#365WastedDays
By Chris Osa Nehikhare
Edo State has entered ONE CHANCE, and it is painful to witness the speed of decline under this administration — all within just one year.

A sector that was once a shining pride of our state — the Creative Industry — has been completely grounded. What took years of vision, investment and collaboration to build has been allowed to collapse right before our eyes.
Today, the Edo creative space is dead. They killed the film projects. Not a single major production has come into Benin to film since November last year.

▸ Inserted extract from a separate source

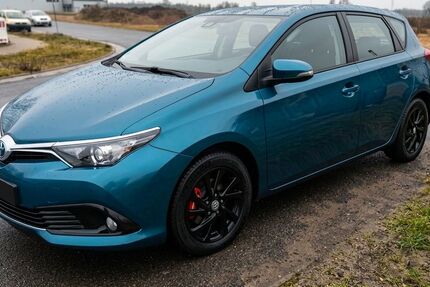 Toyota Auris 55.516 km 8.888 &euro; Elmshorn 25335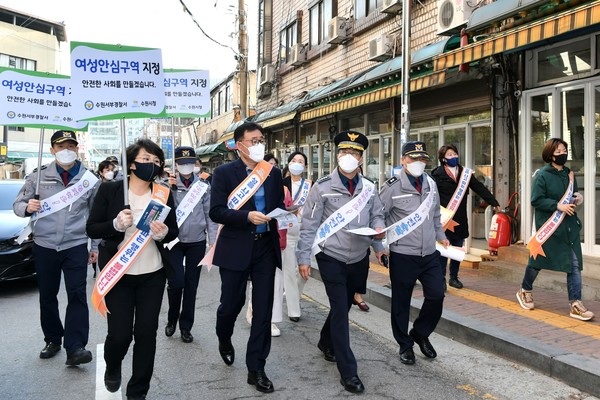 이귀만 복지여성국장(가운데)과 경찰, 시·도의원 등이 15일 수원역 성매매집결지 일원에서 캠페인을 전개하고 있다.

Yet, in the midst of this drought, they had the audacity to organise a premiere for the film OSAMEDE — a project Governor Obaseki personally encouraged, persuading the Executive Producer, Lilian Olubi, who openly stated she had worked for him in the past, to bring her production to Benin. That was the last meaningful engagement the industry saw. Since this government took over, nothing has followed.
The consequences are dire:
Actors no longer get roles.
Costumiers, makeup artistes, sound engineers, set designers, gaffers, scriptwriters and other creative technicians have all been abandoned.
The industry that once created jobs, tourism, and economic activity has been left to rot.
The Sir Victor Uwaifo Creative Hub, built as a legacy investment to empower Edo youths, has now been reduced to a glorified events centre. A world-class facility meant for production, innovation and training is now only hosting parties and weddings.
Even worse, the purpose-built accommodation for filmmakers — designed to attract film crews and keep production costs low — has been abandoned and in hush tones, we hear they want to turn it into a short-let business. A strategic public asset seemingly wasting away.
This is not just negligence; it is a tragic reversal of progress.
Edo youths who found purpose in the creative economy have been thrown back into uncertainty. An industry that once thrived with energy, jobs, innovation and hope has been suffocated.
It is sad. It is wasteful. And Edo people deserve better.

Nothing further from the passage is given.